El Prometeo que observamos en escena se empapa de resignación e impotencia, no es capaz de cuestionar profundamente las leyes que gobiernan la cosmovisión del entorno que lo subyuga. La subjetividad no es realmente libre, no tiene manera de deprenderse y elegir de modo autónomo, por lo que su única vía de elevación espiritual reside en practicar el ejercicio de catarsis y dejarse conmover, ya que como bien decía Aristóteles, el arte y el teatro provoca Kátharsis en el espectador, es decir que genera el refinamiento de los sentimientos con el fin de que estos se adecuen a la realidad.

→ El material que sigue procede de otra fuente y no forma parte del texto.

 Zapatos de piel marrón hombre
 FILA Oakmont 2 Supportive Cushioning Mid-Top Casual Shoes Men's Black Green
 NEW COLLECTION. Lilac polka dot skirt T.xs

Frente a la mirada aristotélica, Prometeo no se identifica con lo sucedido ni termina de cuestionarlo, atraviesa la angustia de habitar un entre permanente que lo vuelve una figura tanto griega como ajena, se consolida como un crítico interno que no conoce los elementos externos que le permitirían romper la opresión de modo definitivo. Como vemos, no existe anhelo de transformación, el humano deposita el cambio en los dioses resignando su libertad, el ejercicio activo de su alma se reduce a una purificación basada en el humillante sometimiento subjetivo al imperio inmodificable de lo que existe.
La continuidad impensada
Al finalizar la obra tomamos conciencia de una extraña coincidencia entre el lejano mundo griego y nuestro presente: la voracidad del capitalismo actual no parece dejar lugar para el cambio o la libertad. Mientras el mundo se ve destinado a la desigualdad extrema y el colapso ambiental, el sujeto se muestra impotente y resignado. Los humanos ya no sienten culpa, porque creen que las consecuencias de sus actos serán insignificantes para el avasallante contexto. No hay culpa ni libertad, solo lamento y resignación, lo cual permite cierta tranquilidad y seguridad: sean cuales sean nuestras decisiones el mundo no permite otra posibilidad.

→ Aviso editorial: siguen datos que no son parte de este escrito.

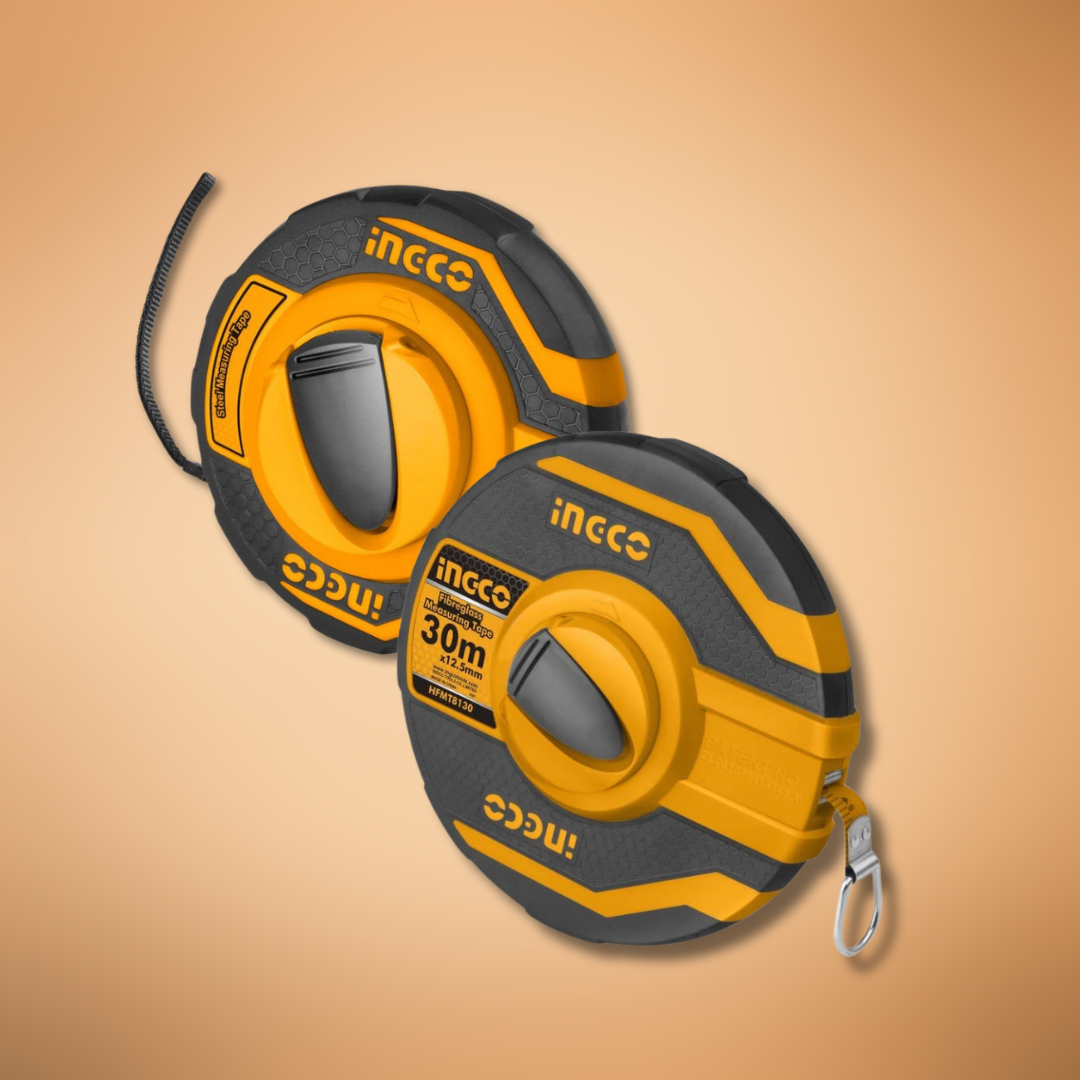 Ingco Fiberglass Measuring Tape - 20m & 30m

Mientras muchos defendemos la democracia como aquel territorio de disputa en el cual somos capaces de intervenir eficazmente en el proceso público, existe un sentimiento generalizado que reduce el ejercicio democrático a la votación. Al igual que sucede en esta obra, el protagonismo ciudadano sucede en el acto efímero de colocar la responsabilidad en otros. La humanidad impotente parece haber olvidado la conquista civil de la acción colectiva, ahora se resigna a relegar su papel protagónico y aceptar la degradación social existente.

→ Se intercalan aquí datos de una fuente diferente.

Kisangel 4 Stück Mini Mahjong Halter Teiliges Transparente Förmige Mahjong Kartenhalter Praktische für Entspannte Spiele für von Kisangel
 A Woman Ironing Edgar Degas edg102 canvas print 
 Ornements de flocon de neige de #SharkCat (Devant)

Sin embargo, es importante recordar que el Prometeo de esta versión cordobesa no solo se lamenta, sino que también reflexiona y diagnóstica lúcidamente el escenario de los hechos. Esta obra no asume la arrogante tarea de pretender abolir la injusticia, pero sí construye conocimiento a partir de una inteligente propuesta intertextual que alumbra la actualidad a partir del diálogo con la tradición griega. El arte por sí solo no tiene poder de transformación, pero si es una fuente incalculable de conocimiento y reflexión. Los artistas son capaces de dinamizar el irreflexivo pensamiento cotidiano, el cual suele acorralarnos en una anodina gama de posibilidades funcional a intereses ajenos. No hay democracia plena sin intervención protagónica en el escenario de los hechos, y esa posibilidad se vuelve pensable en la construcción colectiva del conocimiento que solo el arte exterioriza.